(Web page caption snippets)
◆ ◆ ◆

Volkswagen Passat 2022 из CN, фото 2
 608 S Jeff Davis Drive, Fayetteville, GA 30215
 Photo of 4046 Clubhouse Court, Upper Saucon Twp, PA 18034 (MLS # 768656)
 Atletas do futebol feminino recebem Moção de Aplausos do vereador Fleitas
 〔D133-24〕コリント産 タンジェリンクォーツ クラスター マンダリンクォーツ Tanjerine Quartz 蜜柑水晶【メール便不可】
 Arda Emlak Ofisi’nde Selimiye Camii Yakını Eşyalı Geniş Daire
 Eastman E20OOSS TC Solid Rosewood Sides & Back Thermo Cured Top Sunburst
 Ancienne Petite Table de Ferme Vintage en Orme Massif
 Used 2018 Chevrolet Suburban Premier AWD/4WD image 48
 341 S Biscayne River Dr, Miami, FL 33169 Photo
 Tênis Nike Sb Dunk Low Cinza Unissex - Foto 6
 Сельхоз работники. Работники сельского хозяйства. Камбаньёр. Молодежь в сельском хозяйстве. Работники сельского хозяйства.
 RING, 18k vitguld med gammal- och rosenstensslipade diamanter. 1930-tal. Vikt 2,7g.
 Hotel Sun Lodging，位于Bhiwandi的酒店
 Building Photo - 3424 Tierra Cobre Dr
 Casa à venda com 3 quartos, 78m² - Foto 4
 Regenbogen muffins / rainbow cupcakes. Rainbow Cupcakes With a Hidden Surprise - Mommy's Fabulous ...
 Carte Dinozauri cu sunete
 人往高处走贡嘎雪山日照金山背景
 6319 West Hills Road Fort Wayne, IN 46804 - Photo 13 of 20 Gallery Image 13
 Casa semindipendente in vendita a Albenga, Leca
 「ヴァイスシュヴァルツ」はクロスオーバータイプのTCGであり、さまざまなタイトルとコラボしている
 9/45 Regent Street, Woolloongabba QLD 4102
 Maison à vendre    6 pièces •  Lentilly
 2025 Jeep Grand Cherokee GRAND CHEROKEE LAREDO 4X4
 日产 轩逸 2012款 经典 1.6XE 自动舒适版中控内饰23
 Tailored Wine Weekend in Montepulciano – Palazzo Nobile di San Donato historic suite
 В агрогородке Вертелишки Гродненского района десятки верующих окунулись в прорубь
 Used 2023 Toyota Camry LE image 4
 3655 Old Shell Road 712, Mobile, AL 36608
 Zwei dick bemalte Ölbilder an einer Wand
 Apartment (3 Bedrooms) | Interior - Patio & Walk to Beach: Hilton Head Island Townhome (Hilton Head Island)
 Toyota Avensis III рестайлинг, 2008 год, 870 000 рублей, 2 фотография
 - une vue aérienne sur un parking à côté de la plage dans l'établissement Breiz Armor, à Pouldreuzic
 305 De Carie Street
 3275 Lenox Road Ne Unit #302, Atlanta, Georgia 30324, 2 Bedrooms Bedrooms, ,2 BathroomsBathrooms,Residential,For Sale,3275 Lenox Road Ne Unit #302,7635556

◆ ◆ ◆

> **Work request**
The required output is the stretch of entries above from the line containing "Building Photo - 3424 Tierra Cobre Dr" through the line containing "人往高处走贡嘎雪山日照金山背景", reproduced exactly.

> **Written response**
 Building Photo - 3424 Tierra Cobre Dr
 Casa à venda com 3 quartos, 78m² - Foto 4
 Regenbogen muffins / rainbow cupcakes. Rainbow Cupcakes With a Hidden Surprise - Mommy's Fabulous ...
 Carte Dinozauri cu sunete
 人往高处走贡嘎雪山日照金山背景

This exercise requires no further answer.